And it seemed only logical to Fargo that a man like Pablo Alvarez would know exactly what this strange U.S. Army experiment, which included the gringo famoso Skye Fargo, meant if it succeeded: like the kid just said, it was the end of the Scorpion’s criminal bonanza.

Fargo had fought men like the Scorpion before. Some, like their bloodthirsty leader, had learned brutal, casual killing in the charnel house of the ­1846–­47 war. Others hailed from around the Scorpion’s hometown of La Cuesta. These competent killers were loyal to a ruthless savage who murdered the innocent as casually as he swatted at flies.

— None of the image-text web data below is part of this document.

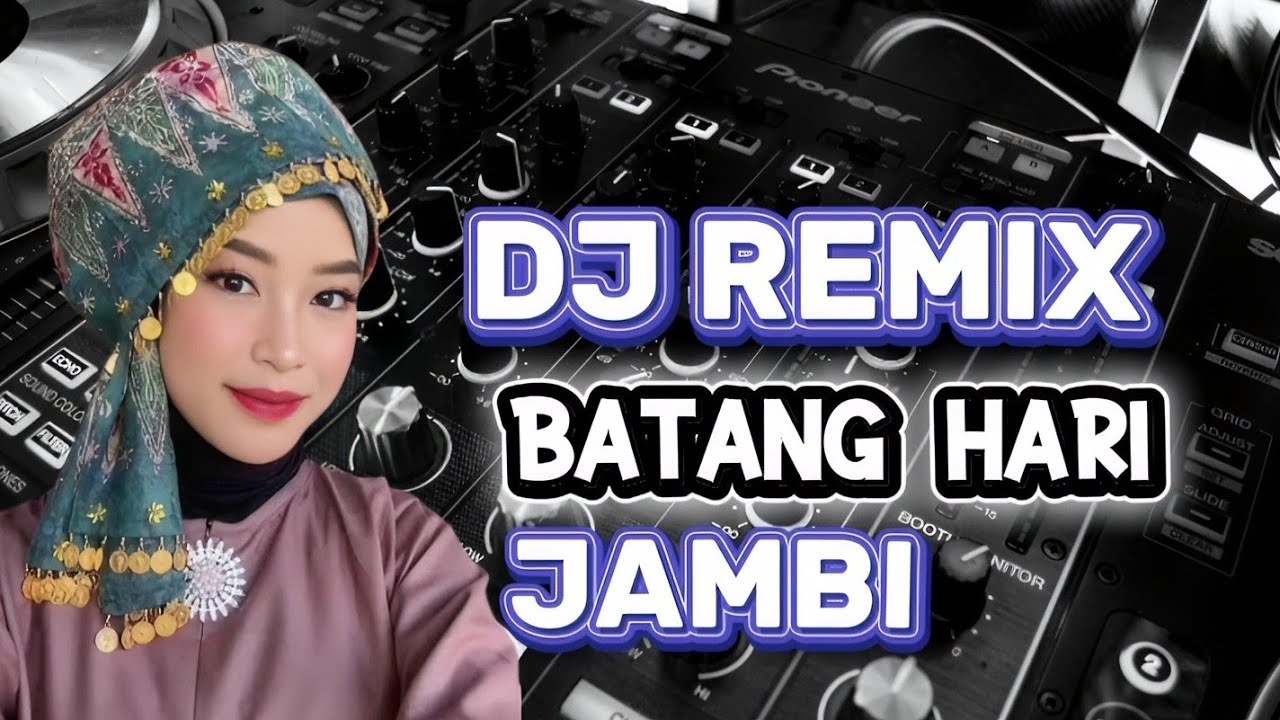 DJ REMIX LAGU BATANG HARI JAMBI TERBARU
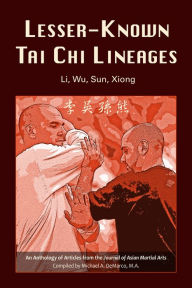 Title: Lesser-Known Tai Chi Lineages: Li, Wu, Sun, Xiong, Author: Michael DeMarco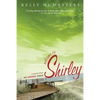 Welcome to Shirley: A Memoir from an Atomic Town - Paperback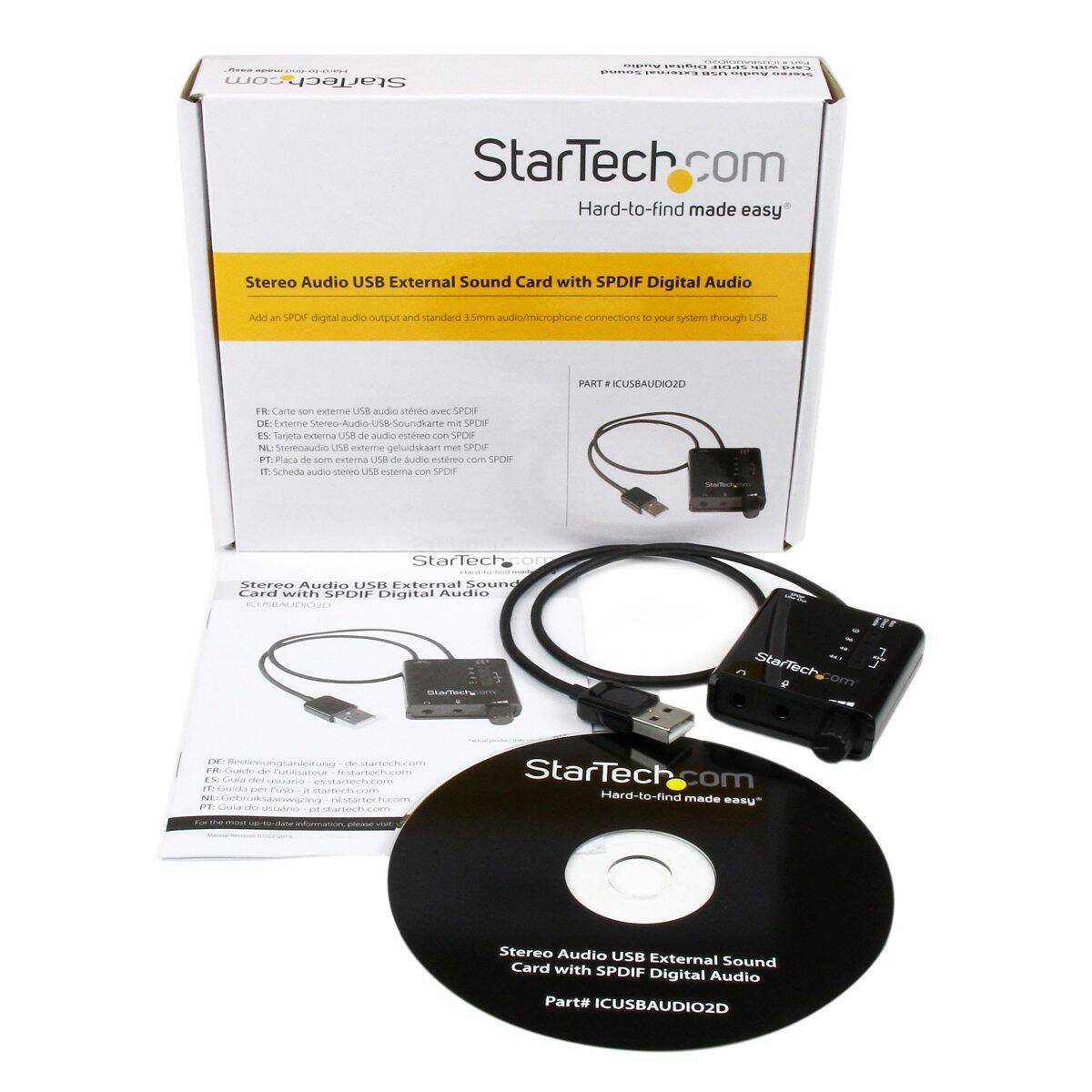 StarTech.com  
Hard-to-find made easy

Stereo Audio USB External Sound Card with SPDIF Digital Audio  
Add an SPDIF digital audio output and standard 3.5mm audio/microphone connections to your system through USB.

FR: Carte son externe USB audio avec SPDIF  
DE: Externer Stereo-Audio-USB-Soundkarte mit SPDIF  
ES: Tarjeta de sonido USB estéreo con SPDIF  
NL: Stereo USB externe geluidskaart met SPDIF  
PT: Placa de som externa USB com SPDIF  
IT: Scheda audio stereo USB esterna con SPDIF

PART # ICUSBAUDIO2D

Stereo Audio USB External Sound Card with SPDIF Digital Audio  
Part # ICUSBAUDIO2D
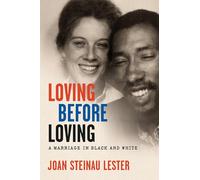 Loving before Loving: A Marriage in Black and White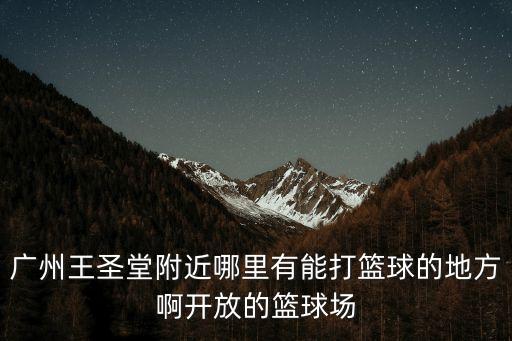 廣州哪的球場還開，廣州五羊新城附近有沒有開放的籃球場啊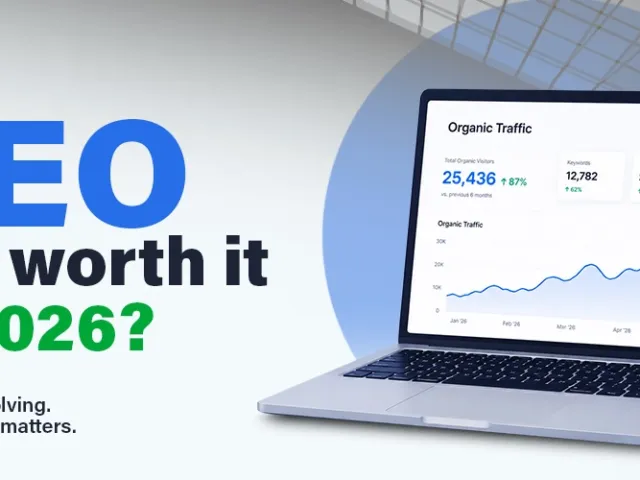 Is SEO Still Worth It in 2026? 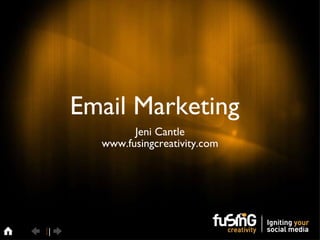 Email Marketing ,[object Object],[object Object]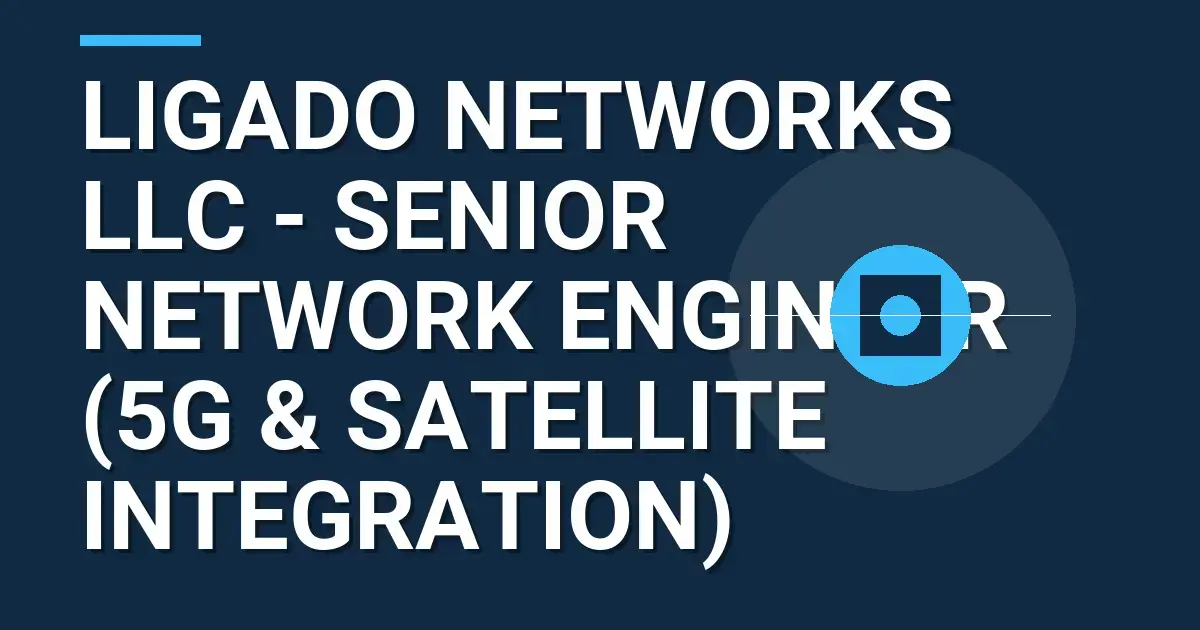 Ligado Networks LLC - Senior Network Engineer (5G & Satellite Integration)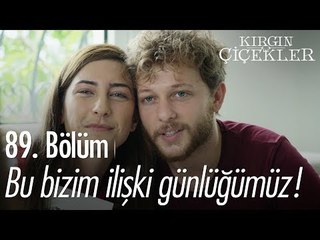 Bu bizim ilişki günlüğümüz! - Kırgın Çiçekler 89. Bölüm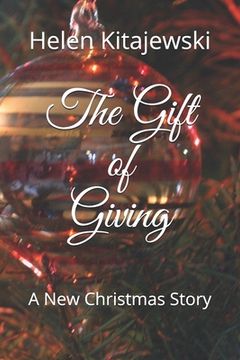 portada The Gift of Giving: A New Christmas Story (in English)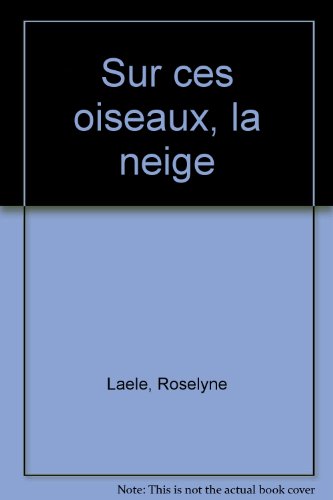 couverture de : Sur ces oiseaux, la neige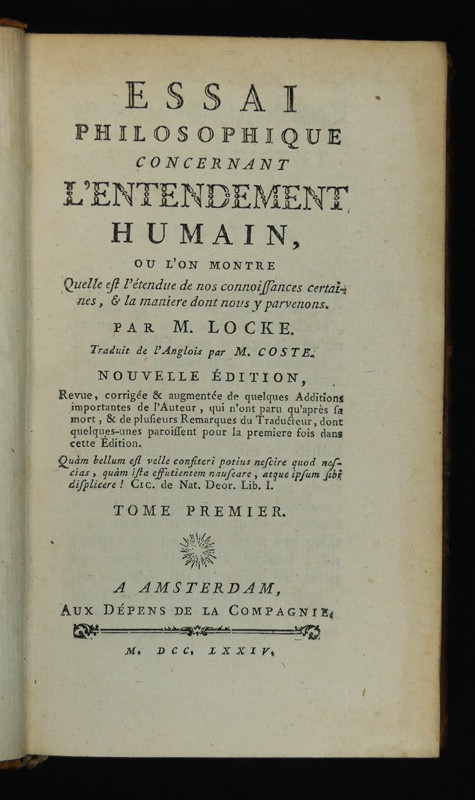 Essai philosophique concernant l'entendement humain, ou l'on montre quelle est l'étendue de nos connoissances certaines, et la manière dont nous y parvenons (Tome 1)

Grizz Bear shifted his attention to the dead Mexican. “You s’pose the beaners will want to bury him?”

“We’ll all bury him,” Jude spoke up, offended. “He’s part of the expedition.”

“He never bought me a beer,” Grizz Bear noted. “So fuck him.”

The wind suddenly whipped up, sand and grit assaulting Fargo’s face like buckshot. He tugged the brim of his hat lower and pulled his red bandanna up over his nose and mouth.

That body, Fargo reminded himself. It could be a lure. . . .

“Rider coming from camp,” Jude said. “Looks like Juan Salazar.”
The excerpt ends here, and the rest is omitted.